Long-term NSAID use may increase cancer-related deaths

Long-term anti-inflammatory drug use may increase cancer-related deaths for certain patients – Medical News Today – 26 December 2016

Regular use of over-the-counter non-steroidal inflammatory drugs (NSAIDs) such as aspirin and ibuprofen is associated with an increased risk of dying in patients diagnosed with Type 1 endometrial cancers,

In this observational study, a multi-institutional team of cancer researchers sought to understand the association of regular NSAID use and the risk of dying from endometrial cancer among a cohort of more than 4,000 patients.

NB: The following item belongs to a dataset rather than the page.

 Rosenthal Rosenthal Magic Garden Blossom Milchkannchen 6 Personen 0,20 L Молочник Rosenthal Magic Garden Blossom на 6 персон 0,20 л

They found that regular NSAID use was associated with a 66 percent increased risk of dying from endometrial cancer among women with Type 1 endometrial cancers, a typically less-aggressive form of the disease.

This danger is never mentioned in the CDC’s recommendation to use NSAIDs instead of opioids.  

The association was statistically significant among patients who reported past or current NSAID use at the time of diagnosis, but it was strongest among patients who had used NSAIDs for more than 10 years in the past but had ceased use prior to diagnosis. Use of NSAIDs was not associated with mortality from typically more aggressive, Type 2 cancers.

“There is a increasing evidence that chronic inflammation is involved in endometrial cancer and progression and recent data suggests that inhibition of inflammation through NSAID use plays a role,”

Our finding was surprising because it goes against previous studies that suggest NSAIDs can be used to reduce inflammation and reduce the risk of developing or dying from certain cancers, like colorectal cancer.”

“It is important to remember that endometrial cancer patients are far more likely to die of cardiovascular disease than their cancer so women who take NSAIDs to reduce their risk of heart attack – under the guidance of their physicians – should continue doing so.

While these data are interesting, there is not yet enough data to make a public recommendation for or against taking NSAIDS to reduce the risk of cancer-related death.”  

Though this was found only in the case of endometrial cancer, who knows what other damages from NSAIDs they’ll find after 100 million people in pain start taking them regularly for life.

Reference Article: Nonsteroidal Anti-inflammatory Drugs and Endometrial Carcinoma Mortality and Recurrence, Theodore M. Brasky, Ashley S. Felix, David E. Cohn, D. Scott McMeekin, David G. Mutch, William T. Creasman, Premal H. Thaker, Joan L. Walker, Richard G. Moore, Shashikant B. Lele, Saketh R. Guntupalli, Levi S. Downs, Christa I. Nagel, John F. Boggess, Michael L. Pearl, Olga B. Ioffe, Kay J. Park, Shamshad Ali and Louise A. Brinton, Journal of the National Cancer Institute, doi: 10.1093/jnci/djw251, published online December 2016.